Anna Kendrick is kind of a force of nature in Hollywood these days, but back when she was an unknown teenager she starred in an indie film she thought no one would ever see about a group of misfit kids who go to a performing arts summer camp.
“I guess, if I’m honest, it didn’t feel like we were making a real movie,” she writes in Scrappy Little Nobody. “Real movies had famous actors in them, like Tom Hanks or the German lady from Austin Powers (my metric was all over the place). And films about teenagers had gorgeous, polished, twenty-five-year-old actors, and the plots revolved around summer crushes–not going to prom in drag and getting your ass kicked.”
Kendrick was 16 at the time of the shoot, which save for the opening shots was done at Stagedoor Manor in upstate New York. She admits that while she would be “thrilled to play such a twisted little character” like Fritzi now, she wasn’t quite as excited then.

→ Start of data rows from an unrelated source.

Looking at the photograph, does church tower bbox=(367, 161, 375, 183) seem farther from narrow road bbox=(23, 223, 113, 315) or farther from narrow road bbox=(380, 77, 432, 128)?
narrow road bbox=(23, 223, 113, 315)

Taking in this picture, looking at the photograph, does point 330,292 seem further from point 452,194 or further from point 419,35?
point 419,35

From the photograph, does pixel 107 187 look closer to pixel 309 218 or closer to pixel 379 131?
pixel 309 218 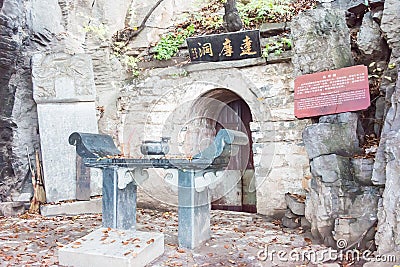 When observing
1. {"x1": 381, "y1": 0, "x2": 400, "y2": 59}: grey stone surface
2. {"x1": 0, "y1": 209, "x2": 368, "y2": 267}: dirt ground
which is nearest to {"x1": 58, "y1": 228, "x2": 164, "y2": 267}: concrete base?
{"x1": 0, "y1": 209, "x2": 368, "y2": 267}: dirt ground

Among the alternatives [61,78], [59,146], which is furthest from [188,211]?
[61,78]

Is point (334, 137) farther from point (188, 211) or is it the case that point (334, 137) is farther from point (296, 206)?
point (188, 211)

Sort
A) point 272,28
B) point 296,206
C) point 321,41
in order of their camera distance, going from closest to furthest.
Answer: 1. point 321,41
2. point 296,206
3. point 272,28

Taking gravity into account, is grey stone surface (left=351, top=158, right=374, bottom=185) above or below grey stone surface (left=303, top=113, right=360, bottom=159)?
below

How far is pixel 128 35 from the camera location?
7691mm

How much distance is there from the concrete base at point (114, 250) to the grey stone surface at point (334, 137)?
7.19 ft

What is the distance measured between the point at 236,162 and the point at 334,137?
3.19 meters

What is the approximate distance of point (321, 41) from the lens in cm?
527

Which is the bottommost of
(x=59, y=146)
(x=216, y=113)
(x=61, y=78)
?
(x=59, y=146)

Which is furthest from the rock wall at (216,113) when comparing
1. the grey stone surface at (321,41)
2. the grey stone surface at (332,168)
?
the grey stone surface at (332,168)

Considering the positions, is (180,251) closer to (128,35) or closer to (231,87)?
(231,87)

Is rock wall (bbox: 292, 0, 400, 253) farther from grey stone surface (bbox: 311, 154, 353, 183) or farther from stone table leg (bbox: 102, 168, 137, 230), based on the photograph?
stone table leg (bbox: 102, 168, 137, 230)

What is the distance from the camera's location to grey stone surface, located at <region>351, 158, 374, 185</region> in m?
4.42

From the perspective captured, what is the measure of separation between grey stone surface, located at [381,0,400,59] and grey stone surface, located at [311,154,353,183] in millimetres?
1599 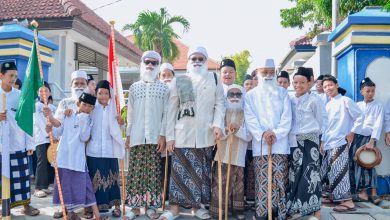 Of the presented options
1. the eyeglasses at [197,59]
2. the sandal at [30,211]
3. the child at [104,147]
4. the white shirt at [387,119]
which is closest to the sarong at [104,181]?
the child at [104,147]

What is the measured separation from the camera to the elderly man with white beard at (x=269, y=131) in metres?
4.74

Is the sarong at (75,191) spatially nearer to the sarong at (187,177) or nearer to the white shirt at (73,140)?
the white shirt at (73,140)

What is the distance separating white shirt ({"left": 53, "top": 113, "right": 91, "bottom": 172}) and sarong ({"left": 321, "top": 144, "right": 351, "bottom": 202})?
3.19 metres

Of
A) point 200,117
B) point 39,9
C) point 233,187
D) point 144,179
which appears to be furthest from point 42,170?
point 39,9

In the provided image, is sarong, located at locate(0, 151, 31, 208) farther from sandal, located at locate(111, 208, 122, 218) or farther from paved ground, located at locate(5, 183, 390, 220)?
sandal, located at locate(111, 208, 122, 218)

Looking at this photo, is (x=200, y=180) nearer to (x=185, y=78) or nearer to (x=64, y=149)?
(x=185, y=78)

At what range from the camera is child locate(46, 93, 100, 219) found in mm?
4750

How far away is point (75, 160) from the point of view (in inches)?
188

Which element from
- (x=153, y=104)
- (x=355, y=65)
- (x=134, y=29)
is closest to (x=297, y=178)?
(x=153, y=104)

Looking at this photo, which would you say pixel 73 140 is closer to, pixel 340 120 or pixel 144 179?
pixel 144 179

“My big problem was Fritzi, a weird girl with greasy hair and terrible clothes who happened to be the character I was playing, Fritzi was the camp loser and she was obsessed with (and probably in love with) Jill, the hot, popular girl at camp,” she writes.
Kendrick devotes an entire chapter in her book to the film that would play well at the Sundance Film Festival and earn her a nomination for an Independent Spirit Award but barely register with her high school classmates when the decision to market it as a teen romp “backfired enormously.”
Camp has since become a cult classic in part because of Kendrick’s rise and also because many of its themes have become more socially acceptable than they were in 2003.
“People have either never heard of it or they want to tell me that it changed their life, no matter how inappropriate the circumstances,” she writes.